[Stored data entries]

——————

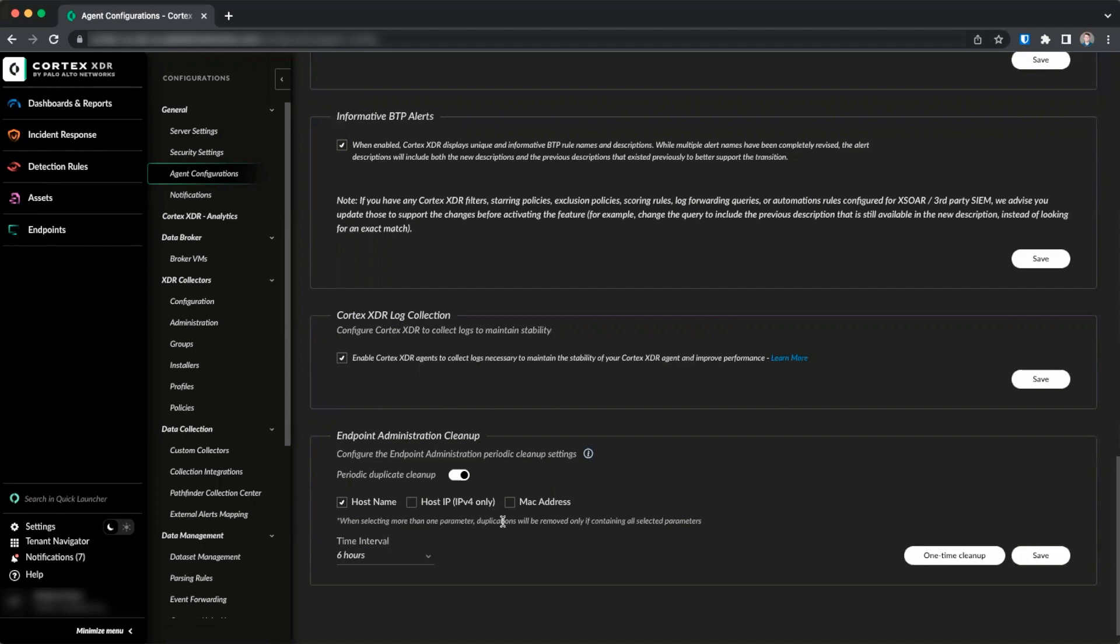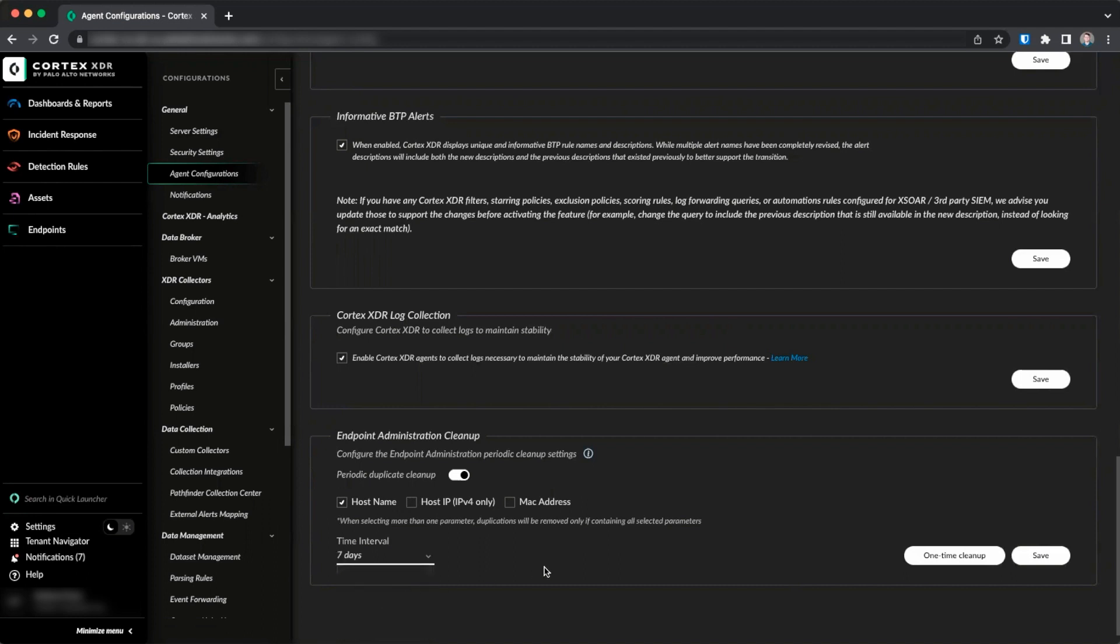To perform a one-time cleanup, click one-time cleanup, or to perform a recurring cleanup, select a time interval for your schedule. You can select 6 hours, 12 hours, 1 day, or 7 days. When you're satisfied with your selections, click save.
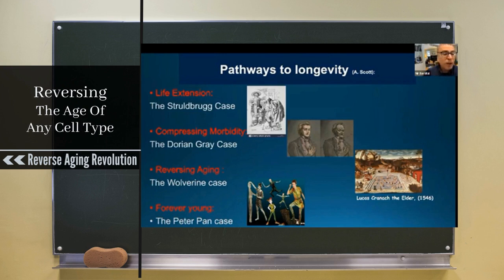Vittorio will talk about 'forever young' — really about the Peter Pan case. Isn't it going to be easier to just take somebody at 20, give them some therapy every month or every year, and stop the aging process altogether?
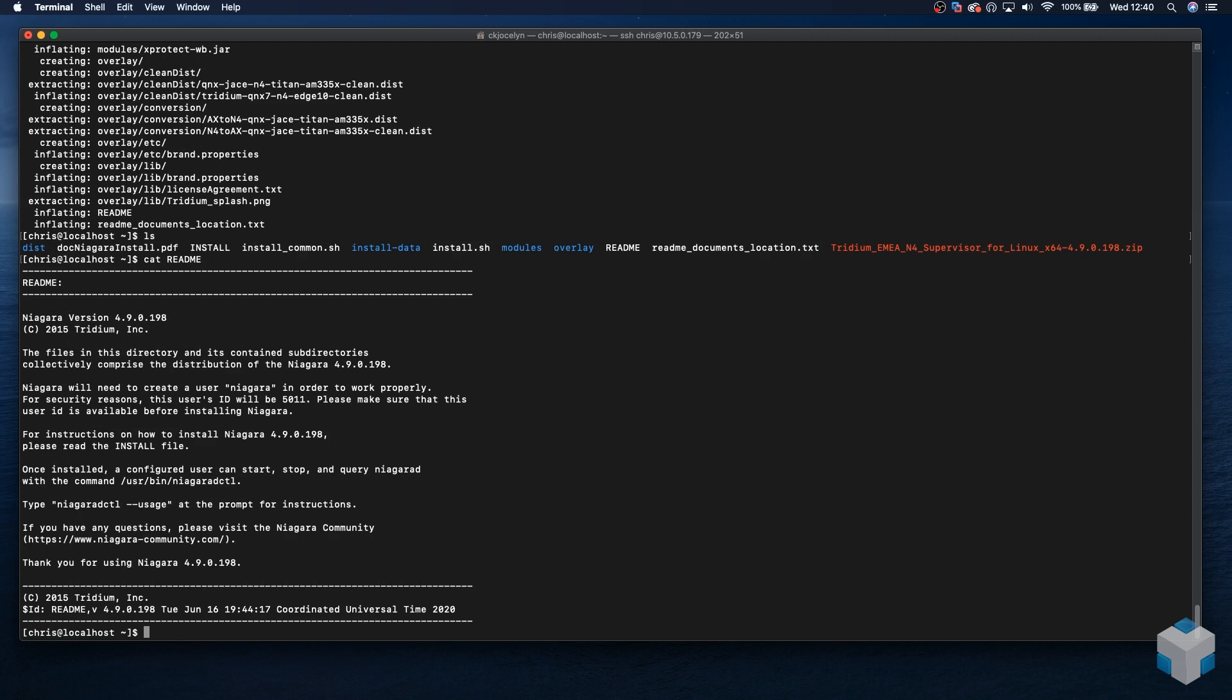Okay, just a few things to note in the readme file. The installer will create a system user called Niagara and also states that we will need to read the install file before going any further.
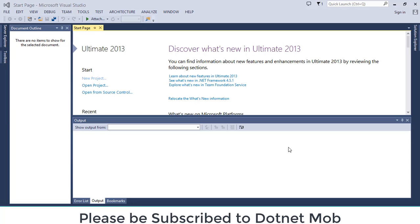Hi friends, welcome to .NET MOVE. In this video, we will learn how to connect SQL Server database using C-Sharp.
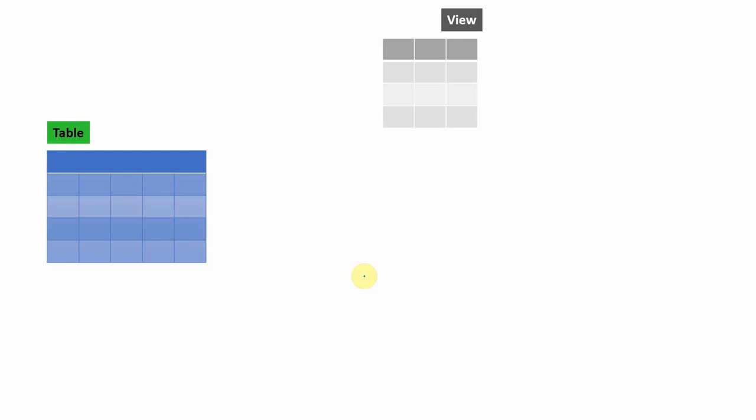One more thing: the view and materialized view, since they are named queries, the query can have any number of underlying tables, or it can have underlying views as well. It's not necessary that it has to be from a single base table. Just for understanding, I'm going to show a view and a materialized view from a single table, but practically in real scenarios, we create views and materialized views by combining multiple base tables. In fact, a view can be based on another view, and same way a materialized view can be based on another view.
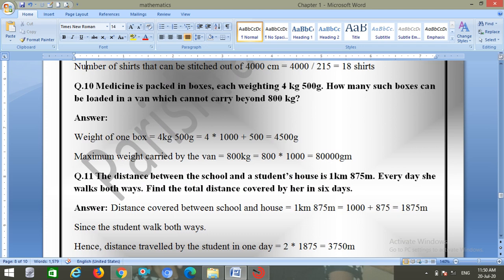Question number ten: medicine is packed in boxes each weighing 4 kilograms 500 grams. How many such boxes can be loaded in a van that cannot carry beyond 800 kilograms? Weight of one box is 4500 grams. Maximum weight carried by the van is 800 into 1000 equals 800,000 grams.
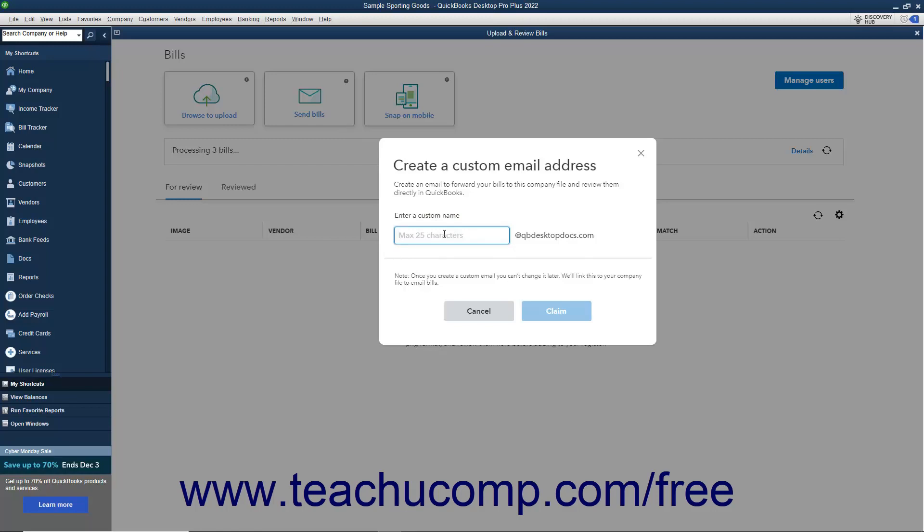After entering the new custom email address name, click the Claim button. On the final screen, select the users allowed to forward email to this email address.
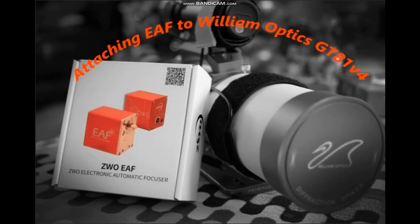Welcome back to AstroPix everybody. Today's video is going to be about attaching the ZWO EAF to the William Optics GT81 Mark IV.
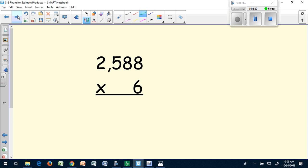2,588 times six. Again, my single digit is going to stay the same because I know how to multiply by six.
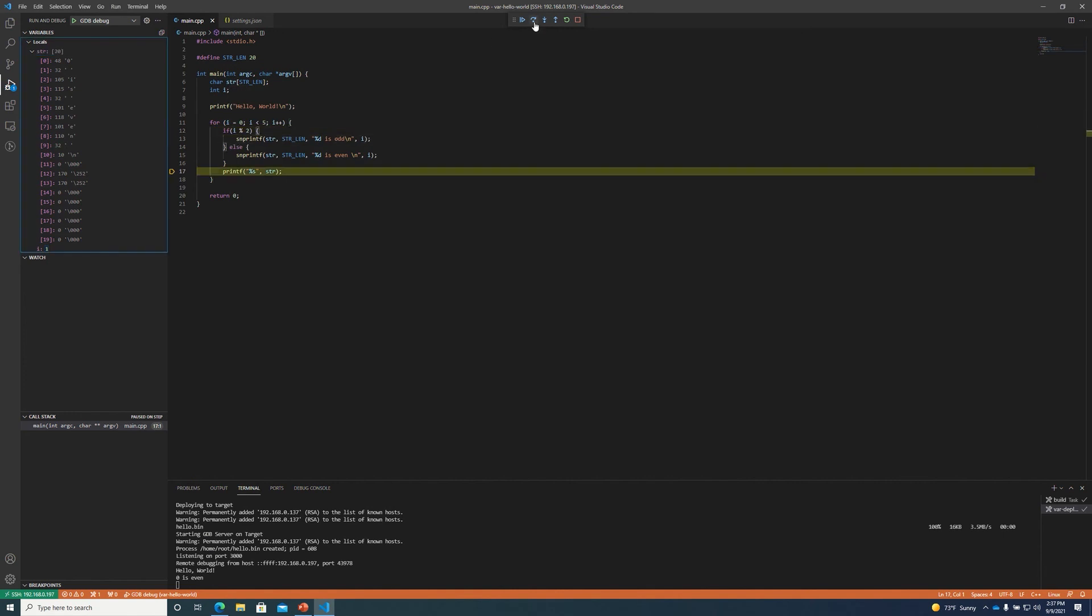So again, we can step through the code. We can debug variables. This is just a quick demo to show you how to get started debugging on a Windows computer on Variscite's MX8M evaluation kit.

——————

**TASK:** In the data above, find the line containing "Question number ten: medicine" and the line containing "2,588 times six.". Copy exactly the stretch from the first through the second, both included, leaving out any picture.

**RESULT FOR THIS TASK:**
Question number ten: medicine is packed in boxes each weighing 4 kilograms 500 grams. How many such boxes can be loaded in a van that cannot carry beyond 800 kilograms? Weight of one box is 4500 grams. Maximum weight carried by the van is 800 into 1000 equals 800,000 grams.
After entering the new custom email address name, click the Claim button. On the final screen, select the users allowed to forward email to this email address.
Welcome back to AstroPix everybody. Today's video is going to be about attaching the ZWO EAF to the William Optics GT81 Mark IV.
2,588 times six. Again, my single digit is going to stay the same because I know how to multiply by six.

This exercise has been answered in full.